Un mot sur le coffret Noir Desir ? Vous n'aviez pas des chutes de studio intéressantes ?

Nous en avons quelques-unes à gauche et à droite mais rien de bien exceptionnel. En fait, je n'ai pas grand-chose à dire sur ce coffret. Je crois qu'il est plutôt pas mal pour les gens qui ne connaissent pas le groupe. Pour le reste, je trouve que notre version d'« Helter Skelter » sonne bien.

Noir Desir planche actuellement sur un nouvel album. Qu'est-ce que tu peux nous en dire ?

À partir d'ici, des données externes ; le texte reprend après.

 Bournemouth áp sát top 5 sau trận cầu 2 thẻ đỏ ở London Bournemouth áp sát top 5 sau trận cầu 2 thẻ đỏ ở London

Je ne peux pas en parler parce que nous sommes en train de l'écrire. Je ne sais pas ce que ça va donner, je ne sais pas si ce sera une vraie révolution musicale pour Noir Desir, c'est trop tôt. Tout ce que je peux dire, c'est que nous avons déjà quatre chansons et que nous allons enregistrer le disque dans les prochains mois. Il devrait sortir, soyons réalistes, en septembre.

Album « On croit qu'on en est sorti » (Universal).

Georges Hyvernaud « La peau et les os », en poche, 158 pp., 181 F (4,51 EUR).